» **Short descriptive text snippets**:
*****
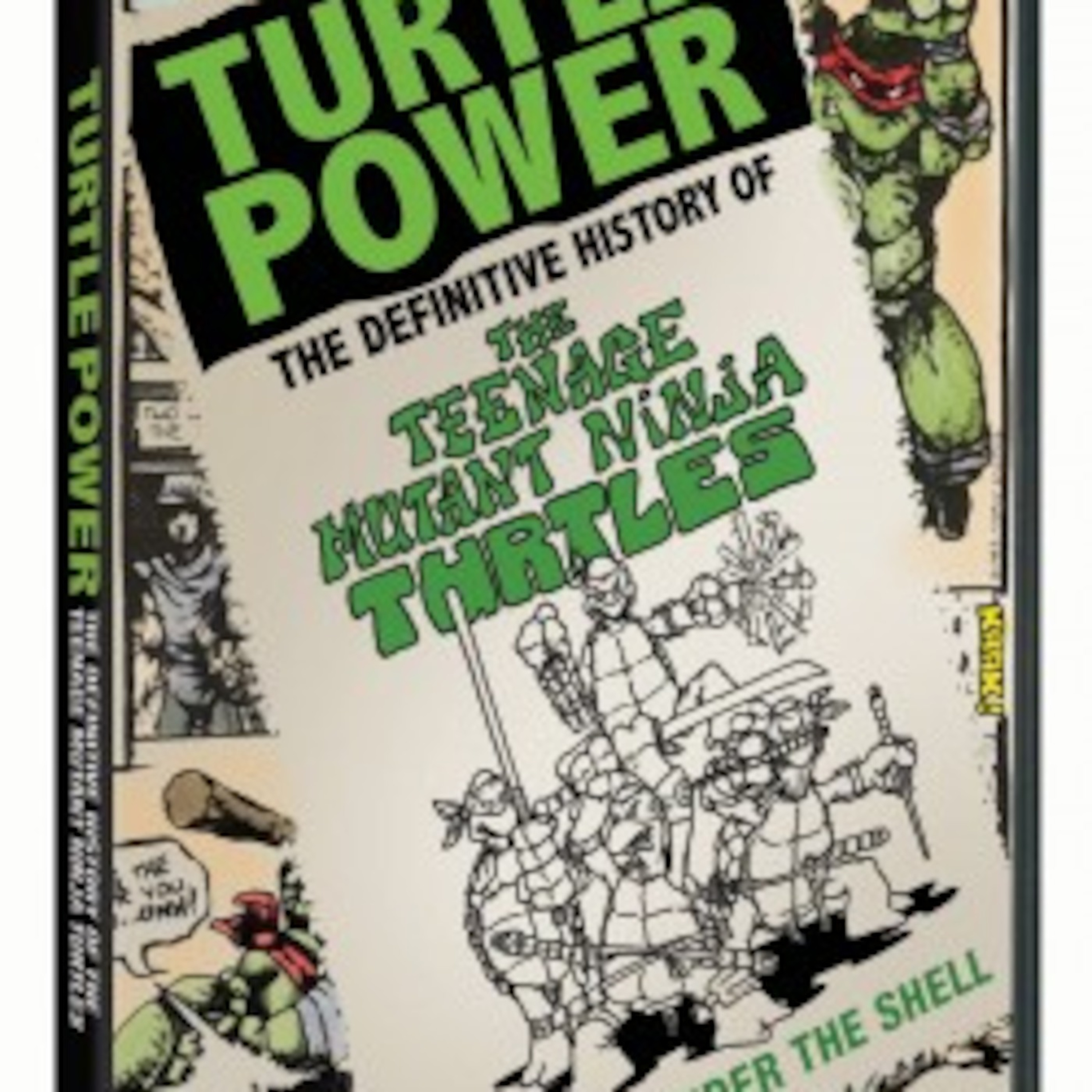 Turtle Power: The Definitive History of the TMNT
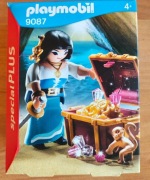 Playmobil 9087 Special Plus Piratka i skarb NOWE UNIKAT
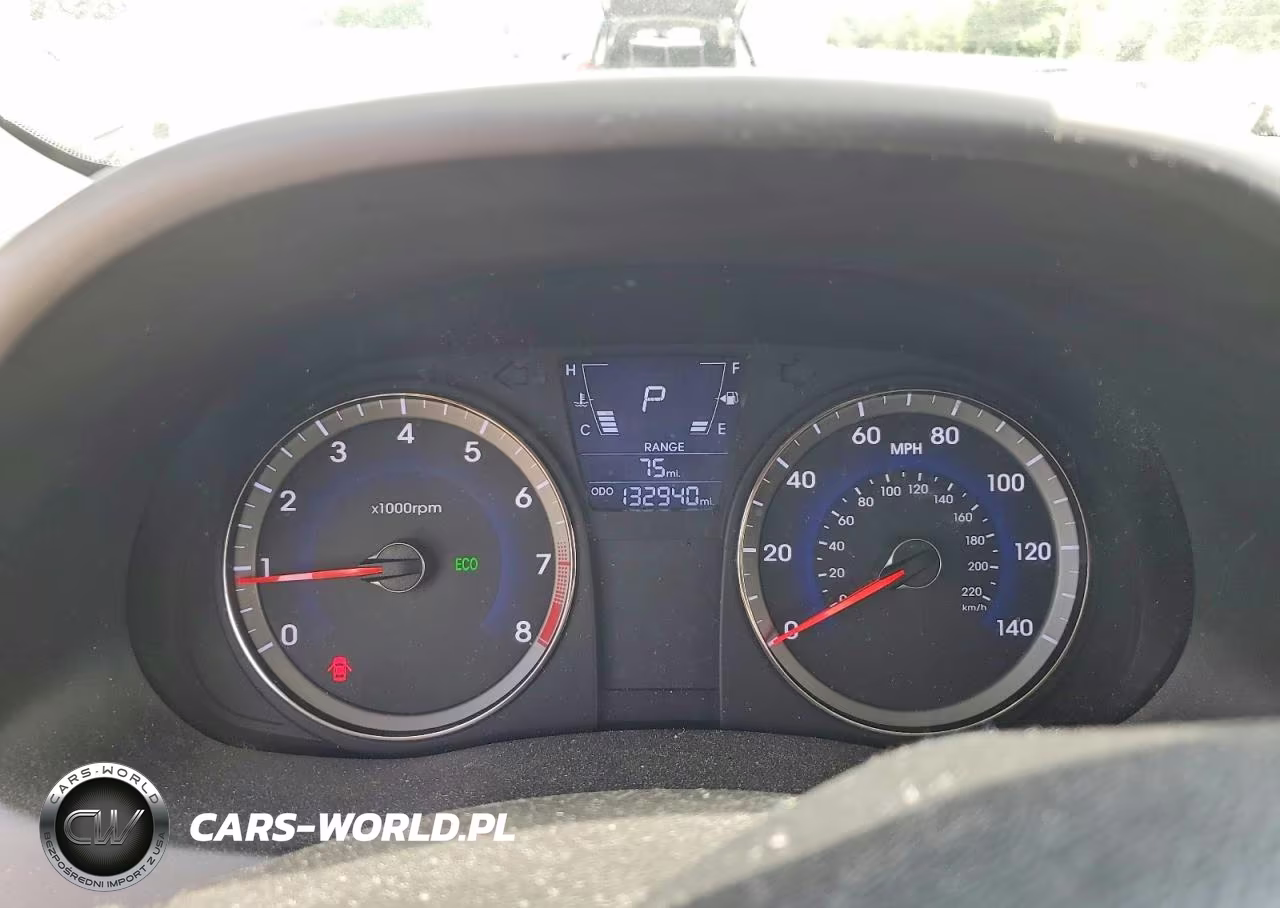 2012 Hyundai Accent Gs VIN:KMHCT5AE8CU034496 - 9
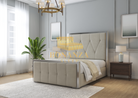 Sasha Chesterfield Bed Frame  Wolverhampton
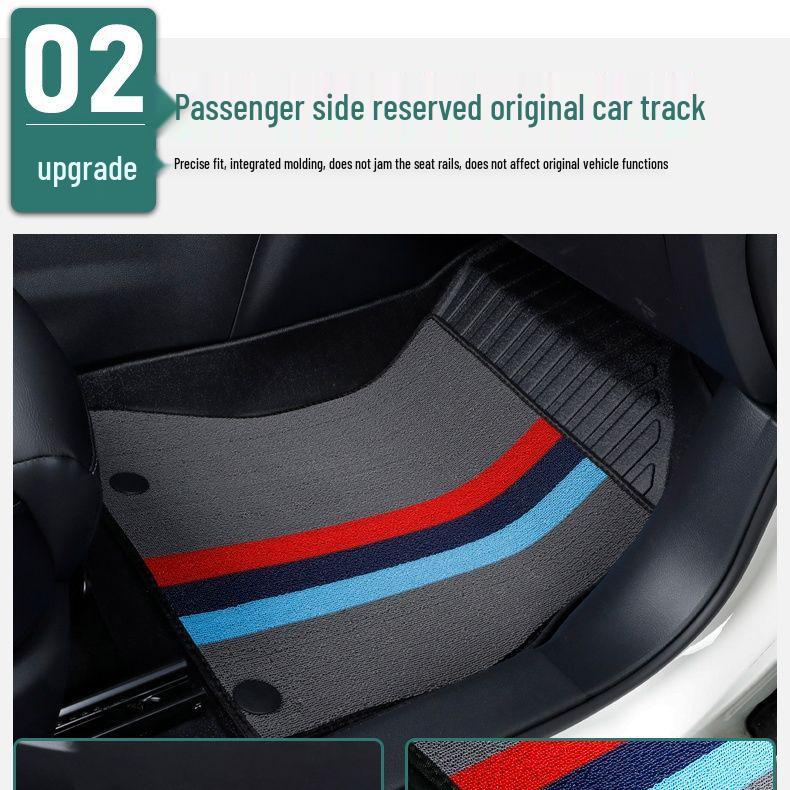 Star Wish TPE Car Floor Mats: Dirt-Resistant Interior Accessories for Enhanced Style & Protection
*****
» **THE PROBLEM**:
Would you write out all of the data exactly as it stands, without the pictures?

» **ANSWER TO THIS TASK**:
 Turtle Power: The Definitive History of the TMNT
 Playmobil 9087 Special Plus Piratka i skarb NOWE UNIKAT
 2012 Hyundai Accent Gs VIN:KMHCT5AE8CU034496 - 9
 Sasha Chesterfield Bed Frame  Wolverhampton
 Star Wish TPE Car Floor Mats: Dirt-Resistant Interior Accessories for Enhanced Style & Protection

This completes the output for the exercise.